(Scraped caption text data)

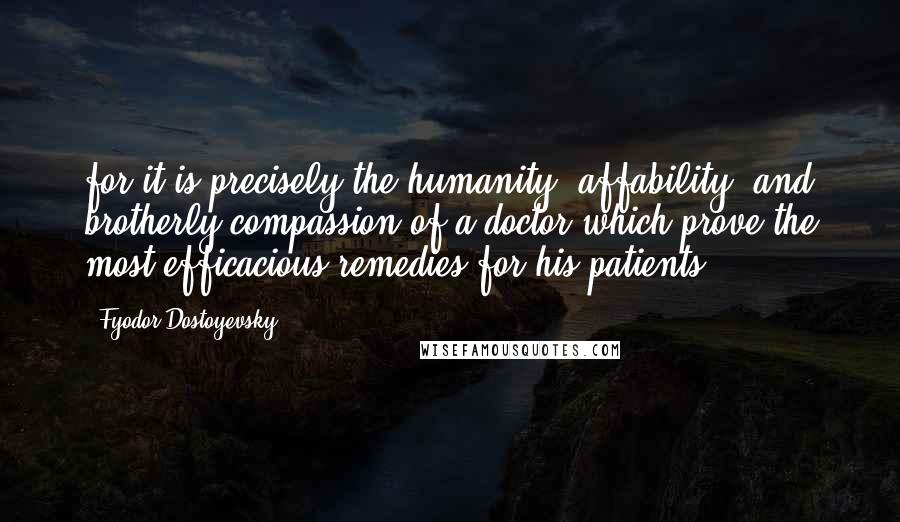 Fyodor Dostoyevsky Quotes: for it is precisely the humanity, affability, and brotherly compassion of a doctor which prove the most efficacious remedies for his patients.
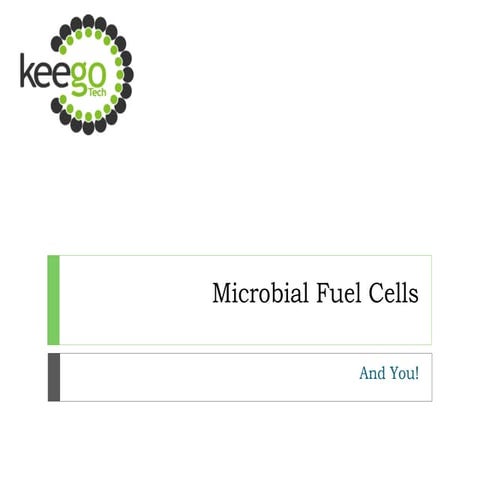 Ducharme.Wignall.Intro to Microbial Fuel Cells.ppt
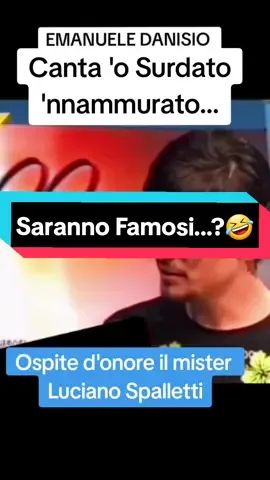 Emanuele Danisio canta 'o surdato 'nnamurato in presenza del Mister Luciano Spalletti...🤣🤣🤣 #CapCut #tiktok #manuelnapo84 #virale #perte #neiperte #foryou #xte #emanueledanisio #danisio #canta #cantante #cantantestonato #stonato #stona #stonare #osurdatonnammurato #chestonata #stonatura #mister #spalletti #misterspalletti #Luciano #macheemozione #qualeemozione #figuradi #divertente #scusate #lucianospalletti #cheemozione 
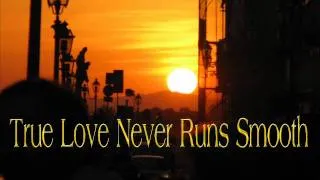 Burt Bacharach / Gene Pitney ~ True Love Never Runs Smooth
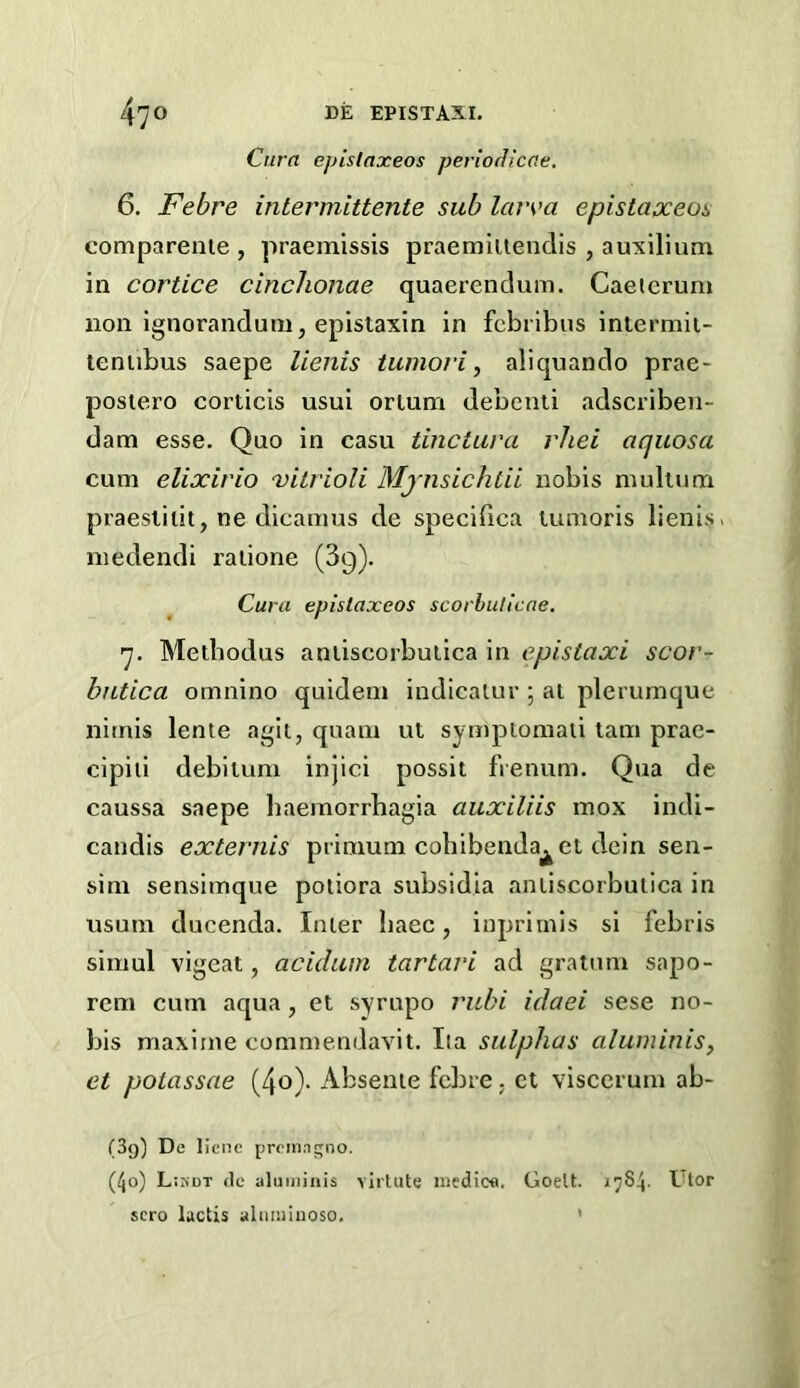 Cura epistaxeos perlocUcae. 6. Febre intermittente sub laiva epistaxeos comparenie , praemissis praemiiienclis , auxilium in cortice cinclionae quaerendum. Caeicrum non Ignorandum, epistaxin in fcbribus intermii- leniibus saepe lienis tumori, aliquando prae- postero corticis usui ortum debenti adscribeii- dam esse. Quo in easu tinctura rliei aquosa cum elixirio nitrioU Mjnsichtii nobis mulium praesliiit, ne dicamus de specifica tumoris lienis. niedendi raiione (39). Cura epistaxeos scorhulicae. 7. Metbodus aniiscorbuiica in e.pistaxi scor- butica omnino quidem indicalur •, ai plerumque nitnis lente agit, quain ut symptomaii tani prae- cipiii debilum injici possit frenum. Qua de caussa saepe baemorrhagia auxiliis mox indi- candis externis prinmm cobibenda^et dcin sen- sini sensimque potiora subsidia aniiscorbuiica in usum ducenda. Inler baec, inprirnis si febris siniul vigeat, acidum tartari ad gratum sapo- rcni cum aqua, et syrupo rubi idaei sese no- bis maxime commendavit. Iia sulphas aluminis, et poiassae (4o)- Absenie febre. ct viscerum ab- (Sg) De licne prcin.igno. (40) L:kdt <le aluiniiiis virtute inedioa. Goelt. 17S4. Ulor sero luctis aluiniuoso, *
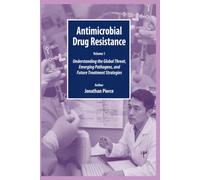 ANTIMICROBIAL DRUG RESISTANCE: Understanding the Global Threat, Emerging Pathogens, and Future Treatment Strategies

▶ **Brief**:
All lines above starting at the one with "Emanuele Danisio canta" and ending at the one with "Burt Bacharach /", inclusive, are to be printed again exactly, with the pictures left out.

▶ **Written response**:
 Emanuele Danisio canta 'o surdato 'nnamurato in presenza del Mister Luciano Spalletti...🤣🤣🤣 #CapCut #tiktok #manuelnapo84 #virale #perte #neiperte #foryou #xte #emanueledanisio #danisio #canta #cantante #cantantestonato #stonato #stona #stonare #osurdatonnammurato #chestonata #stonatura #mister #spalletti #misterspalletti #Luciano #macheemozione #qualeemozione #figuradi #divertente #scusate #lucianospalletti #cheemozione 
 Burt Bacharach / Gene Pitney ~ True Love Never Runs Smooth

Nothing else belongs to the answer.